Spend enough time among historians in twitter land and you will eventually come across a thread about the Conservative commentator, Dinesh D’Souza. D’Souza comments on a wide range of issues, but he is one of the most vocal proponents of a narrative that seeks to challenge how we think about the evolution of the Republican and Democratic Parties in the twentieth century. The argument goes something like this.

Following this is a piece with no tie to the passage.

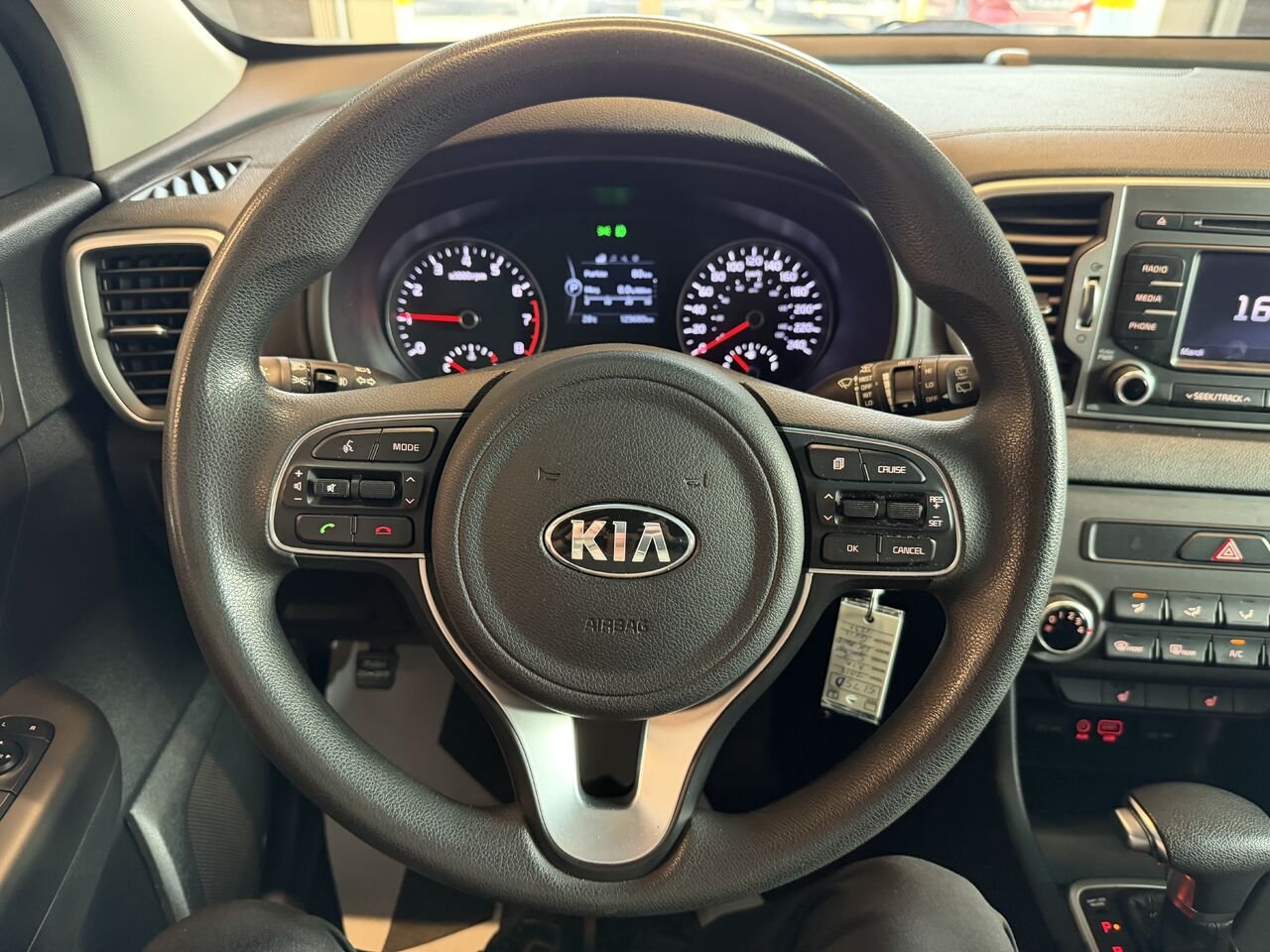2018 Kia Sportage Silver Saint-Eustache - photo #10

Historians have tended to point to a gradual realignment of African Americans from the Republican to Democratic Party beginning in the 1930s and continuing through the 1960s. In the late 1960s, early 70s the Republican Party refocused efforts on a “Southern Strategy” that sought the support of white southerners in the former states of the Confederacy. That shift helped to solidify the Democratic Party as the party of civil rights and widespread African American support. According to D’Souza this is a myth. I am not going to go into too much detail here, but what you need to know is that according to D’Souza the Democrats have always been the party of white supremacy going back to the antebellum period, through the Civil War and Reconstruction and into the twenty-first century. In short, there was no party realignment. The Republican Party has always been the true political party of civil rights and racial equality.
Needless to say the historical rigor behind these claims is flimsy at best and easily debunked. I recommend Kevin Kruse and Julian Zelizer’s newly released Fault Lines as well as Leah Wright Rigueur’s The Loneliness of the Black Republican. Historians on twitter have made it a sport to ‘dunk on D’Souza’ in response to these ridiculous claims.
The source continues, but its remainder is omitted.